Se puede decir: “Creer significa decir amén a Dios, afianzarse y basarse en él. Creer significa dejar a Dios ser totalmente Dios es decir, reconocerlo como la única razón y sentido de la vida…..” “En la fe, el hombre es salvado de su carencia de apoyo…. Del vacío de su existir. En la fe recibe el hombre la posibilidad de aceptarse a sí mismo, porque ha sido aceptado por Dios” (W. Kasper)
No hay que olvidar sin embargo que la experiencia mística, forma eminente de la realización del creer, es a la vez segura como ninguna otra, pero nunca pierde su connatural oscuridad “Que bien sé yo la fonte que mana y corre, aunque es de noche” (san Juan de la Cruz). Certidumbre e incertidumbre se manifiestan en una estrecha relación. (Pag. 38,39,40,41)
CREER CRISTIANAMENTE.
Jesucristo iniciador y consumador de nuestra fe.
Dios está presente en todos los seres humanos, y lo está permanentemente. Sin su presencia no podría existir. El Vaticano II lo recuerda: “Dios da a todos los hombres un testimonio duradero de sí mismo en las cosas creadas” (Dei Verbum 3). La historia religiosa de la humanidad es el testimonio de la “búsqueda a tientas” que esa Presencia ha suscitado en todos los seres humanos, de las respuestas que estos le han ido dando, de las representaciones de Dios a que han llegado y de los nombres con los que la han invocado.

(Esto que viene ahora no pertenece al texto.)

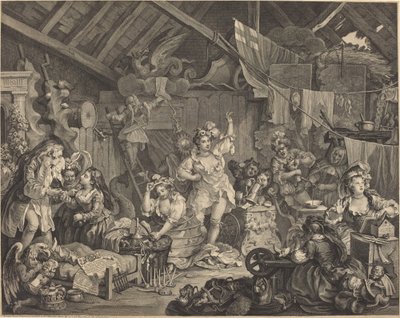 納屋でドレスアップする女優を散歩 作： William Hogarth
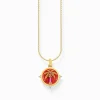 Women THOMAS SABO Necklaces|18-Carat Gold-Plating - 925 Silver-Gold-plated necklace with palm tree pendant and colourful stones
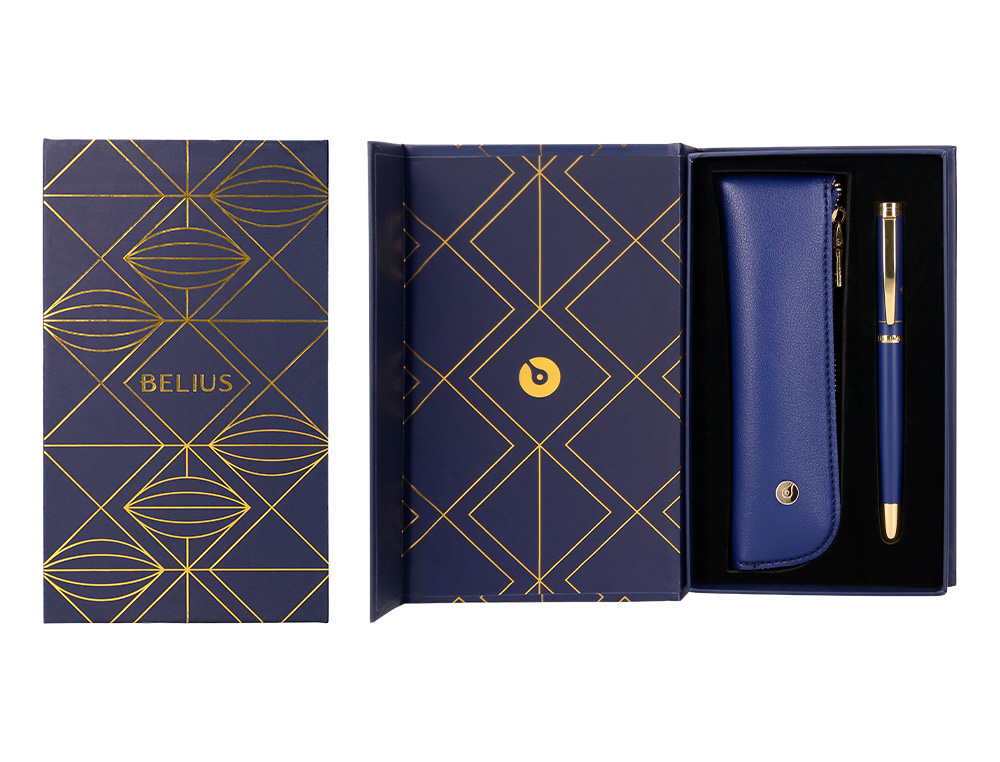 PLUMA Y ESTUCHE BELIUS SOIREE COLOR ART DECO AZUL MARINO Y DORADO TINTA AZUL CAJA DE DISEO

Los cristianos vivimos en una tradición que reconoce en Jesús el rostro de Dios, la imagen personal del Dios invisible: “A Dios no le ha visto nadie jamás; el Hijo Unigénito, que está en el seno del Padre, él lo dio a conocer” (Jn 1,18)
Jesús no es solo un profeta. No solo habla de Dios, es la Palabra de Dios hecha hombre; revela personalmente a Dios. Es la parábola viviente de Dios. A través de su vida y sus enseñanzas nos revela a Dios, no desvelando el Misterio que es Dios; sino revelándonoslo como Misterio.
Para asegurar y discernir la rectitud de nuestras representaciones de Dios, los cristianos disponemos de un criterio seguro: mirar a Jesús “imagen de Dios invisible”, en quien reside la plenitud de la divinidad. (Pag. 40,41,42,43)
El Dios de Jesucristo, un Dios revelado en forma de debilidad.
En Jesucristo, Dios aparece “en la debilidad de nuestra carne” y sometido a su radical impotencia. Jesucristo no salva a los seres humanos interviniendo como un deus ex machina, para liberarles, como por arte de magia, de sus males, sino asumiendo su debilidad y el sufrimiento humano hasta la muerte. De ahí que, aunque no falten en la vida de Jesús manifestaciones del poder de Dios puesto al servicio de su misericordia, y de su capacidad de perdón, el centro de esa revelación de Dios en Jesucristo no es la omnipotencia divina, sino la debilidad, la impotencia que le impone el amor. (Pag. 44,45)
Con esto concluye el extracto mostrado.